*Assignment*. Set down every entry once more, exactly as it appears.

*Task inputs*.
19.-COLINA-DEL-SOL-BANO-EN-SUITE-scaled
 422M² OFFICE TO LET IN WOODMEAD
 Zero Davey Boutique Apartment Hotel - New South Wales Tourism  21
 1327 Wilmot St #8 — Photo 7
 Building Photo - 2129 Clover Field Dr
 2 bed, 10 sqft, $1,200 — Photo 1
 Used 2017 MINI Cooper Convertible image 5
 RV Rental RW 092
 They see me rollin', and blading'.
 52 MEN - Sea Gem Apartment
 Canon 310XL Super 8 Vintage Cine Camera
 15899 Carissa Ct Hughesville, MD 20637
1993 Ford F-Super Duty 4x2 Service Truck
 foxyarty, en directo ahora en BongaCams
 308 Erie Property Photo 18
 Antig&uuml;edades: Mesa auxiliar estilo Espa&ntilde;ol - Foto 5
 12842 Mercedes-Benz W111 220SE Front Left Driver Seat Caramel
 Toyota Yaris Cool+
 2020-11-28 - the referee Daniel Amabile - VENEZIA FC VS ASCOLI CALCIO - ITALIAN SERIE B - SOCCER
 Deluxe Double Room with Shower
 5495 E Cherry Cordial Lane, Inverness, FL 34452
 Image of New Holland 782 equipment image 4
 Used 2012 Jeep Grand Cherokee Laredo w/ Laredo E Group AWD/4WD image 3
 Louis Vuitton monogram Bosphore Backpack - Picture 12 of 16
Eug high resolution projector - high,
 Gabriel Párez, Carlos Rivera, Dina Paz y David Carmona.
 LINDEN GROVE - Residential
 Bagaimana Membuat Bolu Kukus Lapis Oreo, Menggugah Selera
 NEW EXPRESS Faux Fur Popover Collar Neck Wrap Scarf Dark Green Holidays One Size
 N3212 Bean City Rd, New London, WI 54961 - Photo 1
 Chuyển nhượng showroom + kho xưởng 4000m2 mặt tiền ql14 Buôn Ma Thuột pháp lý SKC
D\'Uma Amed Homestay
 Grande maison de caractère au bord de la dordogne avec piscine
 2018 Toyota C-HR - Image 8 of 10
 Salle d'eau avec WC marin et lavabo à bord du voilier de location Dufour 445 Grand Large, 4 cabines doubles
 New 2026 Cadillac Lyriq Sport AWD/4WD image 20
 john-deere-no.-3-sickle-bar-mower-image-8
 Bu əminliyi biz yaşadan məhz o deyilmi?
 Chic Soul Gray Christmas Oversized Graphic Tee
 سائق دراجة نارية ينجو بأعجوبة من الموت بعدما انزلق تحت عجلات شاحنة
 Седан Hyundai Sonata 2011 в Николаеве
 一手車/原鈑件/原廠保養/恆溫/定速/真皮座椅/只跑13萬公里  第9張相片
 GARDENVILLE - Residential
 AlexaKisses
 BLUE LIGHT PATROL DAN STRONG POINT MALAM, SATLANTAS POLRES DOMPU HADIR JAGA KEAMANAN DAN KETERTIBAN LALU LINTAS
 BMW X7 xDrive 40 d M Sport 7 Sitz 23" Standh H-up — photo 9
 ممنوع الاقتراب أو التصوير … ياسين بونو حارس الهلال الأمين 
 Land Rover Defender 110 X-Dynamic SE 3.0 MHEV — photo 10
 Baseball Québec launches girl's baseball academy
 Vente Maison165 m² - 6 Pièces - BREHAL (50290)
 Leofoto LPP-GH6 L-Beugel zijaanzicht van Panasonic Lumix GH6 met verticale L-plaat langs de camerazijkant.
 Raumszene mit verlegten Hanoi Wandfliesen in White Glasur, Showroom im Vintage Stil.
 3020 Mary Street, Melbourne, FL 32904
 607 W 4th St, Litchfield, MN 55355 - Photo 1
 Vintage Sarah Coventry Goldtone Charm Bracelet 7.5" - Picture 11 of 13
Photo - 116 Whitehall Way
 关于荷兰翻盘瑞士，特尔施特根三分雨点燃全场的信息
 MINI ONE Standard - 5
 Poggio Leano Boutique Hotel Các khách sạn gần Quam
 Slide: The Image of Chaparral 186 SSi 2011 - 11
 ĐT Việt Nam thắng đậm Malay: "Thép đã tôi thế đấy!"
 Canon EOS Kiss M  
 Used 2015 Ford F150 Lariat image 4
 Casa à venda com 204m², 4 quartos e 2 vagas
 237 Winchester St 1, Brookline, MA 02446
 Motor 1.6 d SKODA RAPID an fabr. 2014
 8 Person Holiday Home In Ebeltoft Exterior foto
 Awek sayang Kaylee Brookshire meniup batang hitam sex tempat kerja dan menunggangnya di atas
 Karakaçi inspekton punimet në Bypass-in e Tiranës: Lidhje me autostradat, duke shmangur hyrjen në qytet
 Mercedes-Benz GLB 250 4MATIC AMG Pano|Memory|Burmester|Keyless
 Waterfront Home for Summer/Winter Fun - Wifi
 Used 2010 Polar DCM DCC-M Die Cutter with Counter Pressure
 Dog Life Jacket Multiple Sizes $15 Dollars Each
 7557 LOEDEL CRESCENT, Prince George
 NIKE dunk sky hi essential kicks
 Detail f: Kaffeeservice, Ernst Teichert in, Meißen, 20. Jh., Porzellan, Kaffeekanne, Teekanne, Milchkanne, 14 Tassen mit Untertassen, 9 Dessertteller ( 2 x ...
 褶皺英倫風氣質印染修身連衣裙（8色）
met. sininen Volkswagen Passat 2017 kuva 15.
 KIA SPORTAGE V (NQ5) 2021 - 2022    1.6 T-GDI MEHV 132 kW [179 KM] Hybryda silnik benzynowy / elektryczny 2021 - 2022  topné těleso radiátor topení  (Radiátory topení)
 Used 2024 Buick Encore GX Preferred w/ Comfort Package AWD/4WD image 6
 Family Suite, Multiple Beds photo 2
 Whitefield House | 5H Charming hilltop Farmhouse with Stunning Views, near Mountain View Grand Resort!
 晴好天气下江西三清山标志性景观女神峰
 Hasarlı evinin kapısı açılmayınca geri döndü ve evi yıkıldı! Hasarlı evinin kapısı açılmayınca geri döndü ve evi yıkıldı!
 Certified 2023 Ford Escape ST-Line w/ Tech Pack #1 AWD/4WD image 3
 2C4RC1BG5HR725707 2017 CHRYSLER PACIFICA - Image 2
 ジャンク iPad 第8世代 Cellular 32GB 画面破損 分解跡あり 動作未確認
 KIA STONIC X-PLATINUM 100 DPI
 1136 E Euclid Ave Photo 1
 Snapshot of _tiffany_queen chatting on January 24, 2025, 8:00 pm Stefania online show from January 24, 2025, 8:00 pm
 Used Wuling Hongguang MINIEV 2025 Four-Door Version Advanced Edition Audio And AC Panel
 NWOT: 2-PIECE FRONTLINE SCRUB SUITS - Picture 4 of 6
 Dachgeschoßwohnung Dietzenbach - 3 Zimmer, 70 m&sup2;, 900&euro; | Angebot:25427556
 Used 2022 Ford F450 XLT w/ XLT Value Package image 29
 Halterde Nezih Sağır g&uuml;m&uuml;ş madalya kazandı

*Written answer*.
19.-COLINA-DEL-SOL-BANO-EN-SUITE-scaled
 422M² OFFICE TO LET IN WOODMEAD
 Zero Davey Boutique Apartment Hotel - New South Wales Tourism  21
 1327 Wilmot St #8 — Photo 7
 Building Photo - 2129 Clover Field Dr
 2 bed, 10 sqft, $1,200 — Photo 1
 Used 2017 MINI Cooper Convertible image 5
 RV Rental RW 092
 They see me rollin', and blading'.
 52 MEN - Sea Gem Apartment
 Canon 310XL Super 8 Vintage Cine Camera
 15899 Carissa Ct Hughesville, MD 20637
1993 Ford F-Super Duty 4x2 Service Truck
 foxyarty, en directo ahora en BongaCams
 308 Erie Property Photo 18
 Antig&uuml;edades: Mesa auxiliar estilo Espa&ntilde;ol - Foto 5
 12842 Mercedes-Benz W111 220SE Front Left Driver Seat Caramel
 Toyota Yaris Cool+
 2020-11-28 - the referee Daniel Amabile - VENEZIA FC VS ASCOLI CALCIO - ITALIAN SERIE B - SOCCER
 Deluxe Double Room with Shower
 5495 E Cherry Cordial Lane, Inverness, FL 34452
 Image of New Holland 782 equipment image 4
 Used 2012 Jeep Grand Cherokee Laredo w/ Laredo E Group AWD/4WD image 3
 Louis Vuitton monogram Bosphore Backpack - Picture 12 of 16
Eug high resolution projector - high,
 Gabriel Párez, Carlos Rivera, Dina Paz y David Carmona.
 LINDEN GROVE - Residential
 Bagaimana Membuat Bolu Kukus Lapis Oreo, Menggugah Selera
 NEW EXPRESS Faux Fur Popover Collar Neck Wrap Scarf Dark Green Holidays One Size
 N3212 Bean City Rd, New London, WI 54961 - Photo 1
 Chuyển nhượng showroom + kho xưởng 4000m2 mặt tiền ql14 Buôn Ma Thuột pháp lý SKC
D\'Uma Amed Homestay
 Grande maison de caractère au bord de la dordogne avec piscine
 2018 Toyota C-HR - Image 8 of 10
 Salle d'eau avec WC marin et lavabo à bord du voilier de location Dufour 445 Grand Large, 4 cabines doubles
 New 2026 Cadillac Lyriq Sport AWD/4WD image 20
 john-deere-no.-3-sickle-bar-mower-image-8
 Bu əminliyi biz yaşadan məhz o deyilmi?
 Chic Soul Gray Christmas Oversized Graphic Tee
 سائق دراجة نارية ينجو بأعجوبة من الموت بعدما انزلق تحت عجلات شاحنة
 Седан Hyundai Sonata 2011 в Николаеве
 一手車/原鈑件/原廠保養/恆溫/定速/真皮座椅/只跑13萬公里  第9張相片
 GARDENVILLE - Residential
 AlexaKisses
 BLUE LIGHT PATROL DAN STRONG POINT MALAM, SATLANTAS POLRES DOMPU HADIR JAGA KEAMANAN DAN KETERTIBAN LALU LINTAS
 BMW X7 xDrive 40 d M Sport 7 Sitz 23" Standh H-up — photo 9
 ممنوع الاقتراب أو التصوير … ياسين بونو حارس الهلال الأمين 
 Land Rover Defender 110 X-Dynamic SE 3.0 MHEV — photo 10
 Baseball Québec launches girl's baseball academy
 Vente Maison165 m² - 6 Pièces - BREHAL (50290)
 Leofoto LPP-GH6 L-Beugel zijaanzicht van Panasonic Lumix GH6 met verticale L-plaat langs de camerazijkant.
 Raumszene mit verlegten Hanoi Wandfliesen in White Glasur, Showroom im Vintage Stil.
 3020 Mary Street, Melbourne, FL 32904
 607 W 4th St, Litchfield, MN 55355 - Photo 1
 Vintage Sarah Coventry Goldtone Charm Bracelet 7.5" - Picture 11 of 13
Photo - 116 Whitehall Way
 关于荷兰翻盘瑞士，特尔施特根三分雨点燃全场的信息
 MINI ONE Standard - 5
 Poggio Leano Boutique Hotel Các khách sạn gần Quam
 Slide: The Image of Chaparral 186 SSi 2011 - 11
 ĐT Việt Nam thắng đậm Malay: "Thép đã tôi thế đấy!"
 Canon EOS Kiss M  
 Used 2015 Ford F150 Lariat image 4
 Casa à venda com 204m², 4 quartos e 2 vagas
 237 Winchester St 1, Brookline, MA 02446
 Motor 1.6 d SKODA RAPID an fabr. 2014
 8 Person Holiday Home In Ebeltoft Exterior foto
 Awek sayang Kaylee Brookshire meniup batang hitam sex tempat kerja dan menunggangnya di atas
 Karakaçi inspekton punimet në Bypass-in e Tiranës: Lidhje me autostradat, duke shmangur hyrjen në qytet
 Mercedes-Benz GLB 250 4MATIC AMG Pano|Memory|Burmester|Keyless
 Waterfront Home for Summer/Winter Fun - Wifi
 Used 2010 Polar DCM DCC-M Die Cutter with Counter Pressure
 Dog Life Jacket Multiple Sizes $15 Dollars Each
 7557 LOEDEL CRESCENT, Prince George
 NIKE dunk sky hi essential kicks
 Detail f: Kaffeeservice, Ernst Teichert in, Meißen, 20. Jh., Porzellan, Kaffeekanne, Teekanne, Milchkanne, 14 Tassen mit Untertassen, 9 Dessertteller ( 2 x ...
 褶皺英倫風氣質印染修身連衣裙（8色）
met. sininen Volkswagen Passat 2017 kuva 15.
 KIA SPORTAGE V (NQ5) 2021 - 2022    1.6 T-GDI MEHV 132 kW [179 KM] Hybryda silnik benzynowy / elektryczny 2021 - 2022  topné těleso radiátor topení  (Radiátory topení)
 Used 2024 Buick Encore GX Preferred w/ Comfort Package AWD/4WD image 6
 Family Suite, Multiple Beds photo 2
 Whitefield House | 5H Charming hilltop Farmhouse with Stunning Views, near Mountain View Grand Resort!
 晴好天气下江西三清山标志性景观女神峰
 Hasarlı evinin kapısı açılmayınca geri döndü ve evi yıkıldı! Hasarlı evinin kapısı açılmayınca geri döndü ve evi yıkıldı!
 Certified 2023 Ford Escape ST-Line w/ Tech Pack #1 AWD/4WD image 3
 2C4RC1BG5HR725707 2017 CHRYSLER PACIFICA - Image 2
 ジャンク iPad 第8世代 Cellular 32GB 画面破損 分解跡あり 動作未確認
 KIA STONIC X-PLATINUM 100 DPI
 1136 E Euclid Ave Photo 1
 Snapshot of _tiffany_queen chatting on January 24, 2025, 8:00 pm Stefania online show from January 24, 2025, 8:00 pm
 Used Wuling Hongguang MINIEV 2025 Four-Door Version Advanced Edition Audio And AC Panel
 NWOT: 2-PIECE FRONTLINE SCRUB SUITS - Picture 4 of 6
 Dachgeschoßwohnung Dietzenbach - 3 Zimmer, 70 m&sup2;, 900&euro; | Angebot:25427556
 Used 2022 Ford F450 XLT w/ XLT Value Package image 29
 Halterde Nezih Sağır g&uuml;m&uuml;ş madalya kazandı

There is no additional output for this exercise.